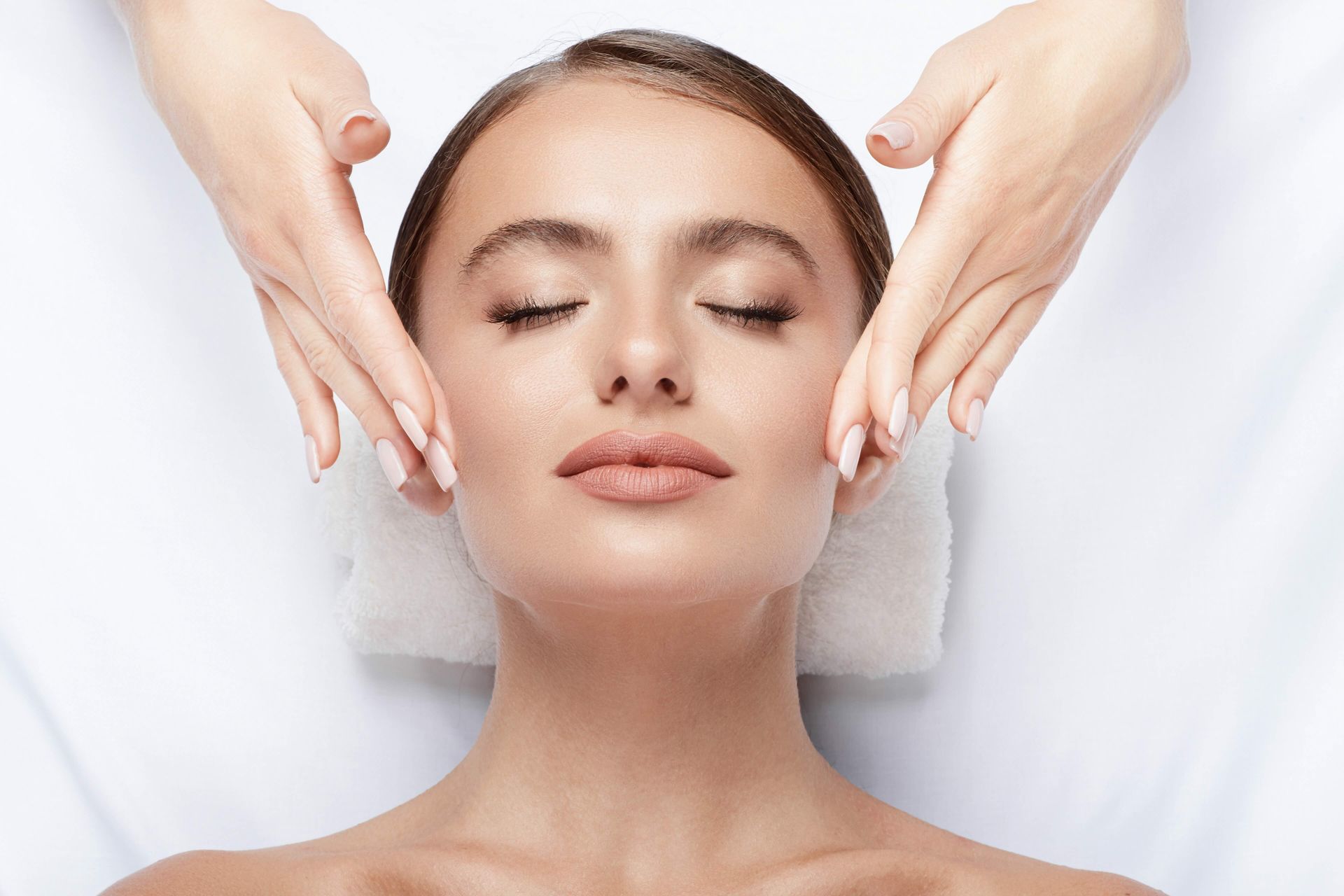 A woman is getting a facial massage at a spa.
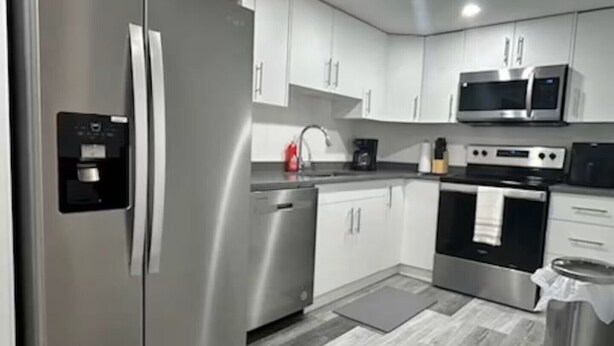 Een moderne keuken met roestvrijstalen apparatuur, witte kastjes en een grijze houten vloer.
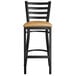 A Lancaster Table & Seating black ladder back bar stool with a light brown cushion.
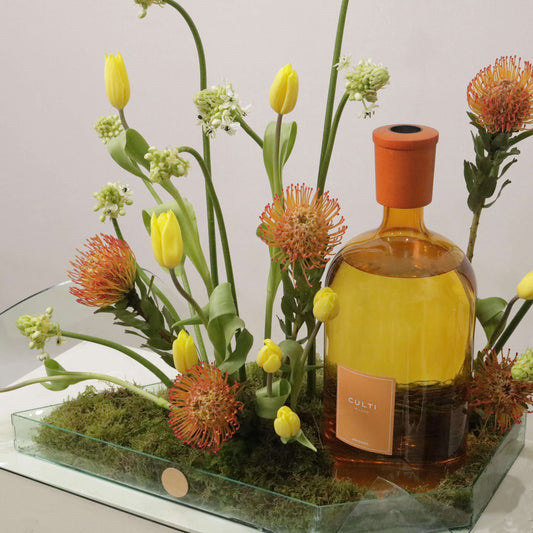 Exquisite Color Gift Aramara arrangement with Tulips Pins, Ornithogalum, and custom leaf tray, featuring a luxurious bottle centerpiece.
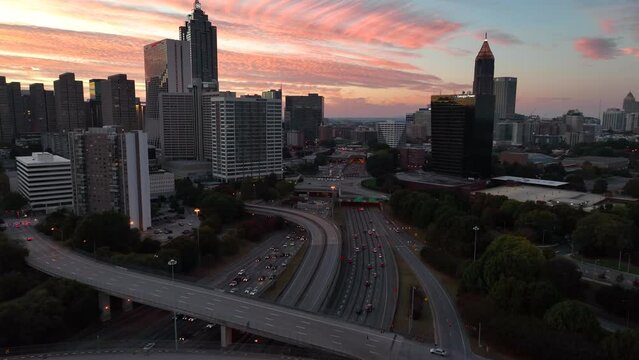 Silhouette of Atlanta Georgia skyline. Colorful sunset with traffic on interstate highway.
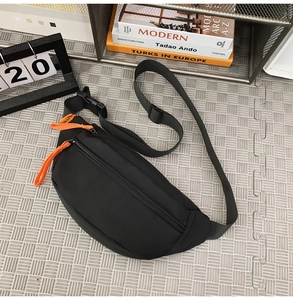 Waterproof black nylon chest bag with orange zipper pullers placed on a checkered floor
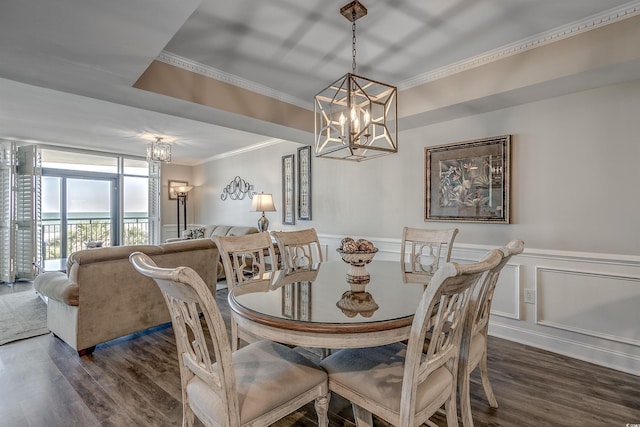 dining area with ornamental molding, dark wood-style flooring, wainscoting, and a notable chandelier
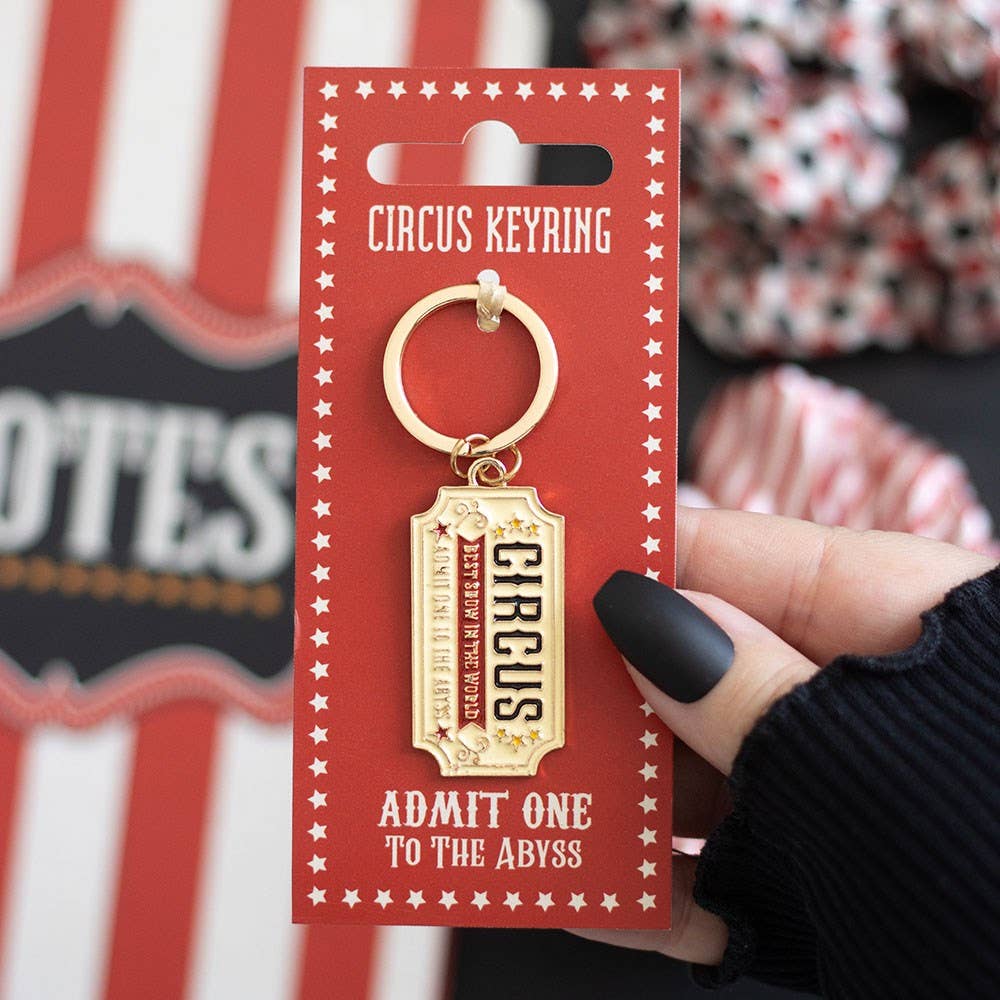 Keyring on red packaging card with striped cup on wooden surface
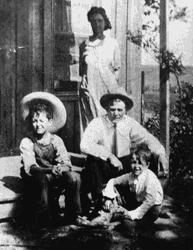 Woody Guthrie, George, Nora on Porch of Okemah Home.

> AIM OF THE TASK:
Above, find the line with "Een moderne keuken"; copy it and every line down to the line with "A Lancaster Table", exactly and both included, but no pictures.

> RESULT BELOW:
 Een moderne keuken met roestvrijstalen apparatuur, witte kastjes en een grijze houten vloer.
 A Lancaster Table & Seating black ladder back bar stool with a light brown cushion.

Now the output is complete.